The evaluation demonstrated that under the right conditions S-Paxos can achieve 5x the throughput of JPaxos. Throughput the evaluation, graph x-axis shows number of closed loop clients, which are client who send the next request when the previous response is received. Without any indication of client latency, this did not tell us much about the rate of incoming requests. For example, the graphs in Figure 4 do need seem to be a fair comparison as # of client for Paxos and S-Paxos represents quite at different workloads.

Conclusion

I like the basic idea of this paper and its is interesting to see that latency was increased only by 1/3. However, the system places a substantially load on the network when compared to Paxos and the leader is still required to execute phase 2 paxos for each client request.
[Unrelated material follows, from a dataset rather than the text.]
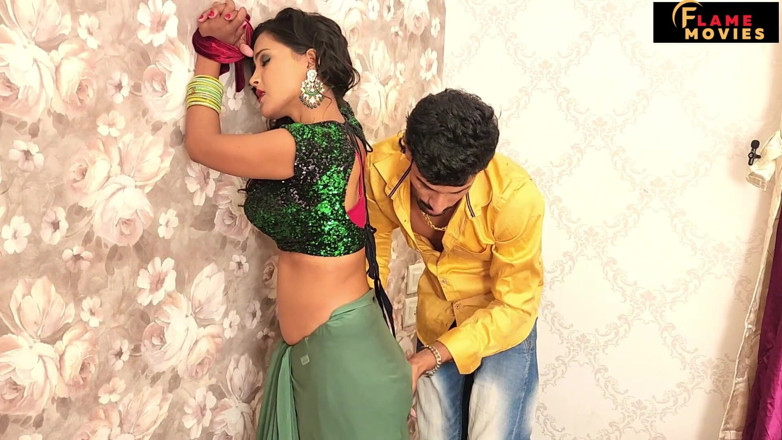 DesiHeat Studio: Gulabo Bhabhi Desi Sex s Devar Ji Nahý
Paper Notes on PBFT [OSDI’99]

Practical Byzantine Fault Tolerance (PBFT) is the foundational paper in Byzantine consensus algorithm. Typically, distributed consensus algorithms assume nodes may fail (and possible recovery), but BFT extends this to tolerate nodes acting arbitrarily.

Assumptions

BPFT makes strong assumption about these arbitrary failures. Notability that at most f failures will occur in a system of 3f+1 nodes, this bound applies to both safety and progress guarantees. In contrast, in typical paxos style consensus algorithms the bound of f failures in 2f+1 node only applies to progress guarantee, safety will always be guaranteed even if the system is not able to make progress. BPFT makes the usual asynchronous assumption, common to many consensus algorithms.

Algorithm

Section 4.2 describes the algorithm in details, the core idea is that once the nodes have been made aware of the request for a given log index, they under go a two step process where each node notifies every one of their agreement and proceed when at least f+1 nodes in the 2f+1 responses also agree. At end of the second stage, the client can be notified. Likewise, the view change protocol is a similarly enhanced version of view change from VRR.

Performance

BPFT takes 1.5 RRTs to commit a request in the common case, all requests must reach the system via a master node and after this time, all nodes have knowledge that the request was committed. In contract, typical multi-paxos algorithms (e.g., Raft and VRR) take 1 RTT to commit a request in the common case, again all requests must go via a master node but after this time only the master node has knowledge that the request was committed. Typical leaderless consensus algorithm (e.g., single-valued paxos) take at least 2 RTT to commit a request but requests can be submitted to any node. All cases we exclude the RTT from the client to the system node and back.

BPFT differs from typical consensus algorithms in the number of messages exchanged. Whilst there exists many optimizations to piggyback messages and reduce message load, we can approximate estimate of number of messages for algorithms (this time we are including client communication). A typical multi-paxos algorithms, might send 2n+2 messages for a commit in a system of n nodes, whereas BPFT might send 1 + 2n + 2n^2, a significant difference.

Conclusions

PBFT in an interesting read and an excellent contribution to consensus. However, I am not sure how common it is that a modern datacenter might meet assumptions laid out by the paper, in particular that at most f nodes might be faulty in a system 3f+1 nodes. In this environment, nodes are usually running a same OS, configurations, software stacks and consensus implementation. Thus if an adversary is able compromise a machine then it’s likely they can compromise many, thus failures are very much dependent on each other. Lets see if the 17 years of research since has been able to improve on this.